Exercise
Below are the records; return exactly the lines from the one with "Tarzana 11 - Cala Di Palermo" through the final line, both included, minus any pictures.

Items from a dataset
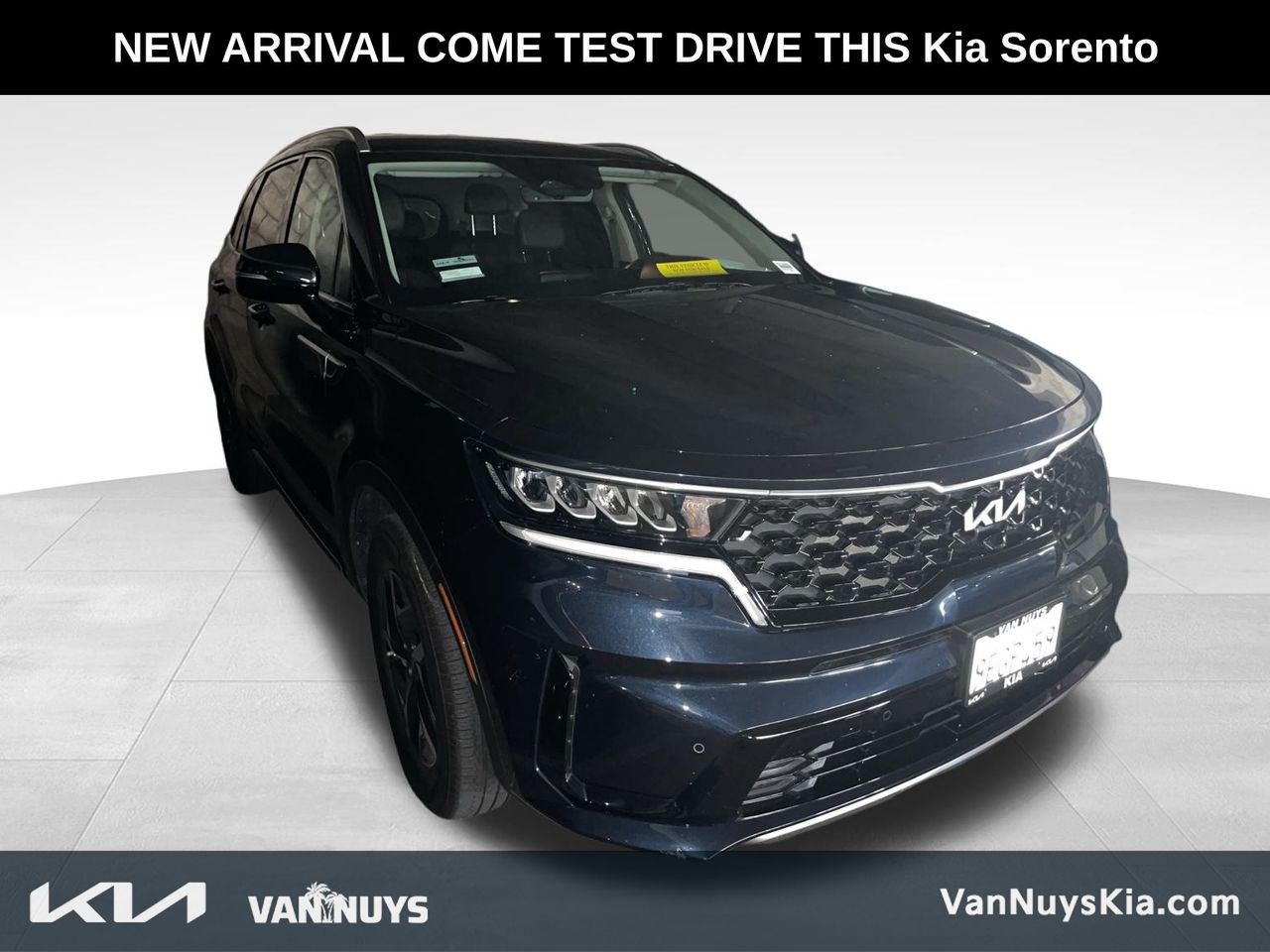 2023 Kia Sorento Hybrid EX photo 2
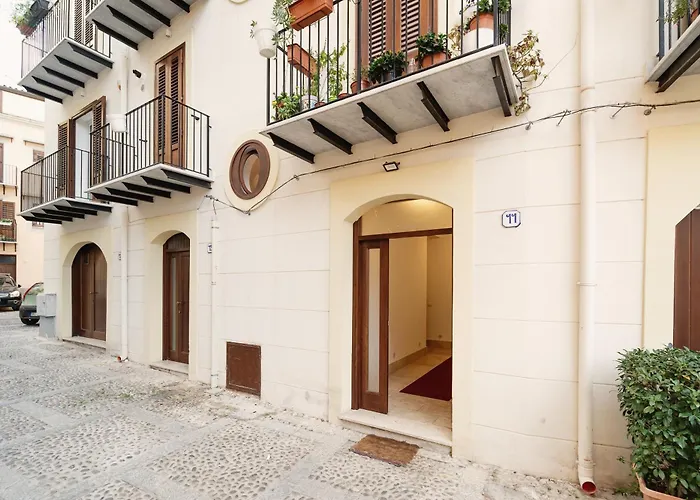 Tarzana 11 - Cala Di Palermo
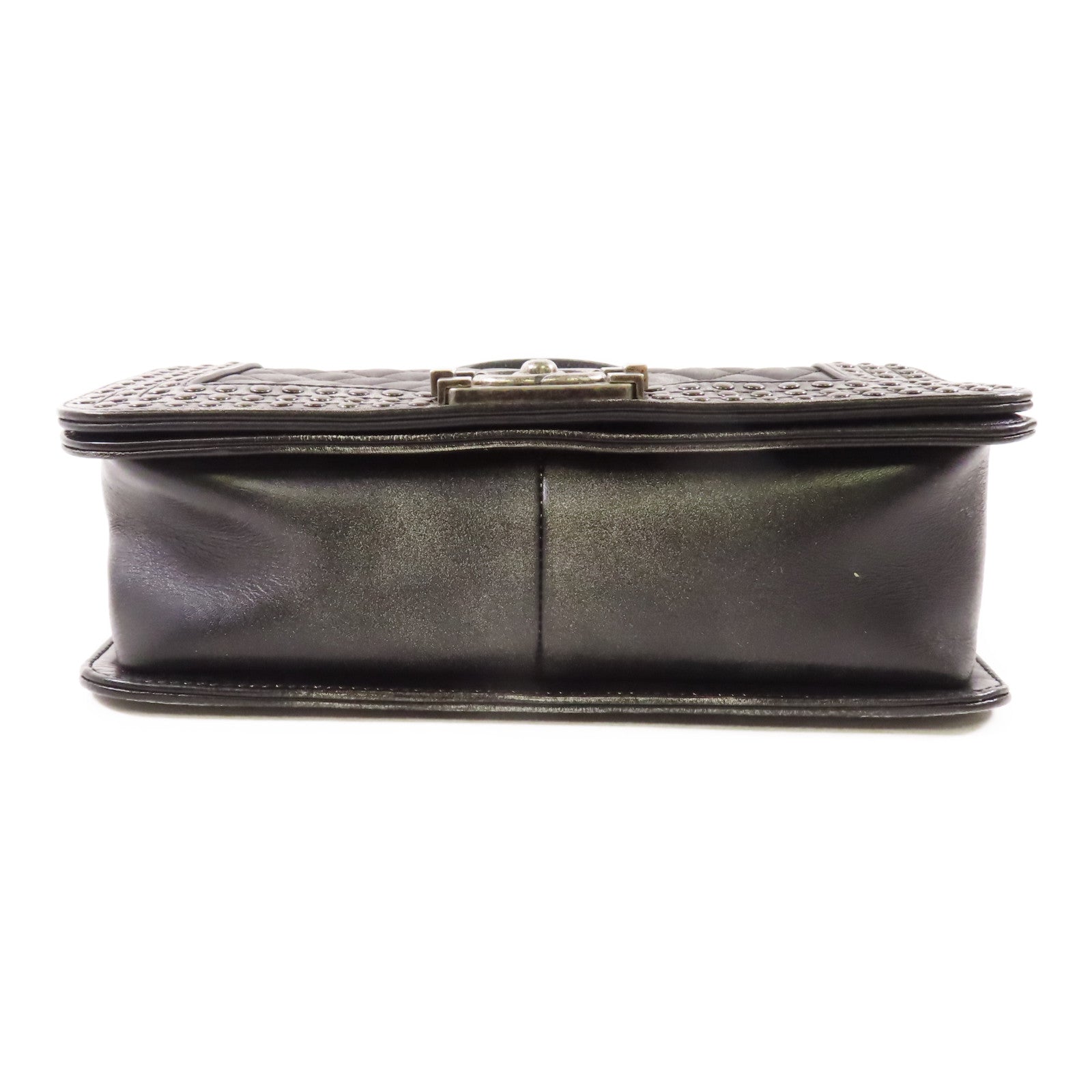 CHANEL 牛皮皮革Boy 25銀扣鏈帶肩背袋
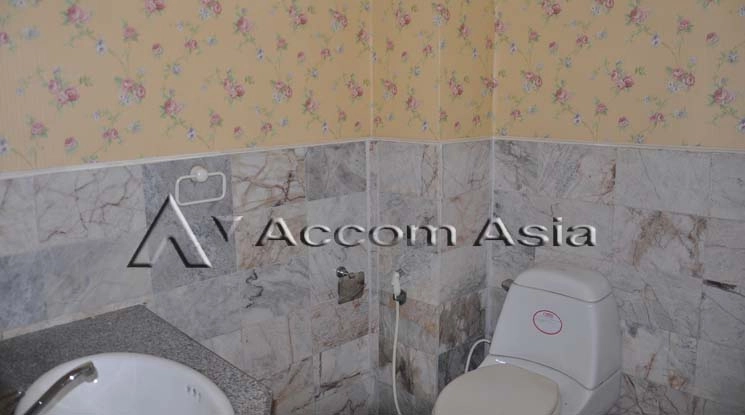 15  5 br Townhouse For Rent in Sukhumvit ,Bangkok BTS Ekkamai 13000795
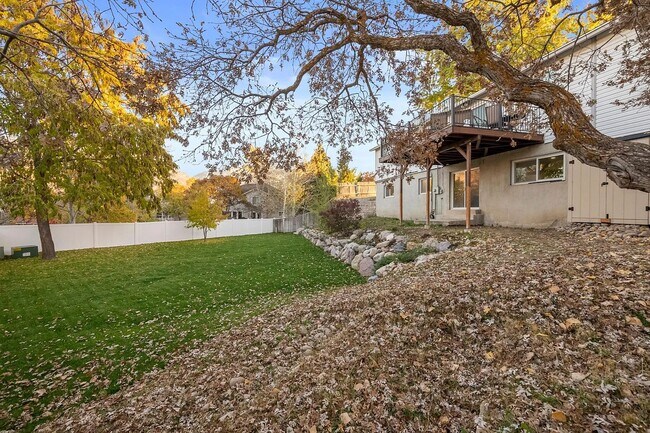Building Photo - Beautiful 4 Bedroom Home in Sandy!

Written answer
 Tarzana 11 - Cala Di Palermo
 CHANEL 牛皮皮革Boy 25銀扣鏈帶肩背袋
 15  5 br Townhouse For Rent in Sukhumvit ,Bangkok BTS Ekkamai 13000795
Building Photo - Beautiful 4 Bedroom Home in Sandy!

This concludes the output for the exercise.